The schools - five elementary and one middle - are being entered under a single nomination in recognition of their mid-century modern architectural style, according to Jeff Wencl, preservation coordinator with the Grand Forks Historic Preservation Commission.
The six schools to be nominated are West Elementary, Lewis and Clark Elementary, Viking Elementary, Wilder Elementary, Ben Franklin Elementary and Valley Middle School.
Mid-century modern architecture, often characterized by minimalist designs, differs significantly from ornate Victorian style buildings of the past, Wencl said.
"Mid-century modern style is easy to overlook because it was built for utilitarian purposes," Wencl said. "It was not meant to be flashy."
The schools will be the first mid-century modern buildings in Grand Forks to be submitted to the registry, Wencl said. The submission also is the first to encompass multiple buildings.
To appear on the National Register of Historic Places, a building needs to be at least 50 years old. The six schools to be nominated were built between 1949 and 1965, according to Wencl.
The preservation commission has contracted with Grand Forks resident Susan Caraher to draft and submit the proposal.
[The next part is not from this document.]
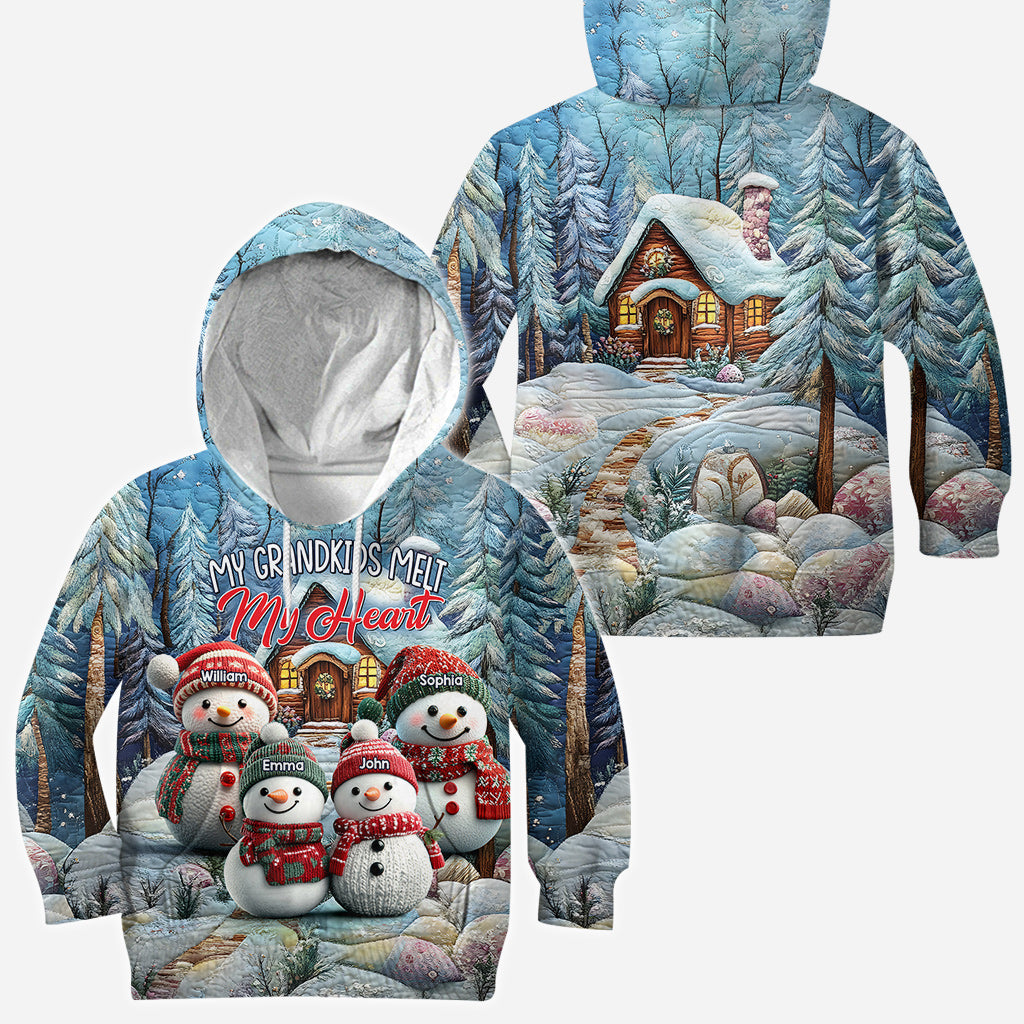My Grandkids Melt My Heart - Personalized Grandma All Over Shirt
The schools tell the story of Grand Forks' booming population after World War II, Caraher said.
In 1955, there were just over 10,000 students in the Grand Forks School District. Ten years later, the number approached 16,000, according to Wencl.
The single-story schools also "speak to the change in education values and educational practices" at the time, she said.
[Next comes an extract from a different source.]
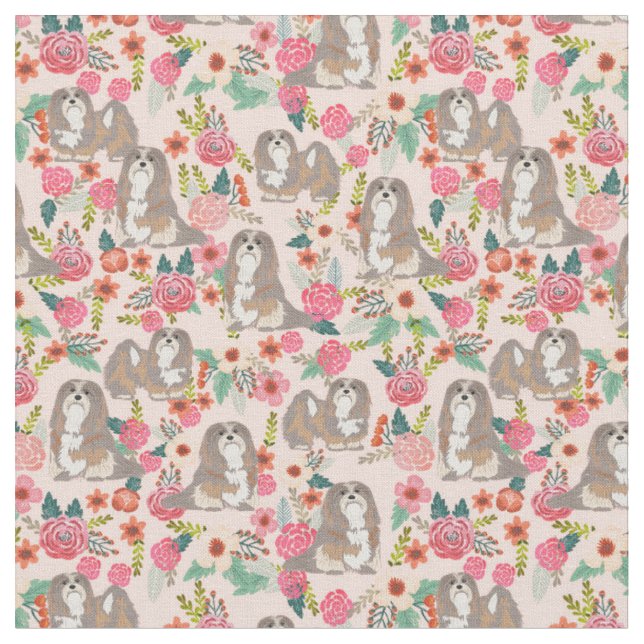 Lhasa Apso hund vintage blommigts pastellrosa Tyg (Närbild)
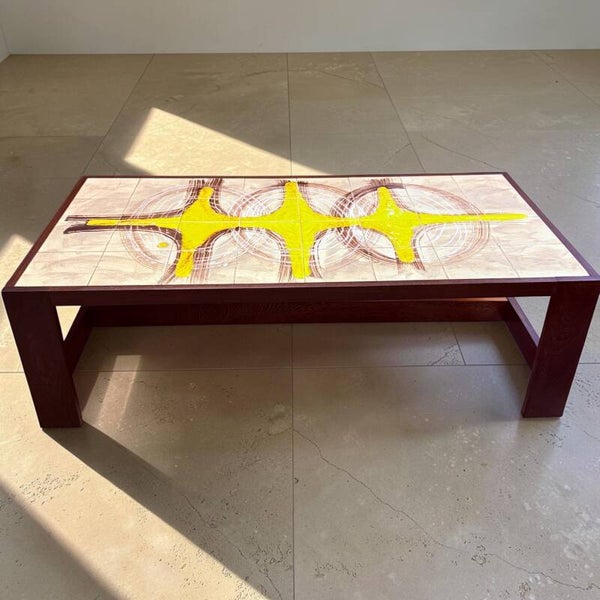 Deense salontafel met keramiek blad op wengé frame, jaren ‘70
"These new schools had to accommodate different facilities," Caraher said. "They now had nutrition, dieticians, cafeterias, health services and gymnasiums - things that really started to inform a different kind of educational principal that was evolving at the same time. It's really a dynamic period nationally, and Grand Forks reflects that very, very clearly."
The schools were designed to "be part of the neighborhood fabric" and grow as more people moved in, Caraher said.
"They really became a second home for a lot of the kids that went there," she added.
Caraher aims to complete the submission by September. Before sending it to the national register, she'll first send a draft to the State Historical Society of North Dakota in Bismarck for reviews and revisions.
Caraher also said she plans to present the submission to the local historic preservation board in July.
Whether the schools will be added to the national register ultimately rests with the federal government, Wencl said. But the local historic preservation commission is "pretty confident they'll make the cut," he said.
"We're very riguous about our preparation, and we're very thorough," Wencl said.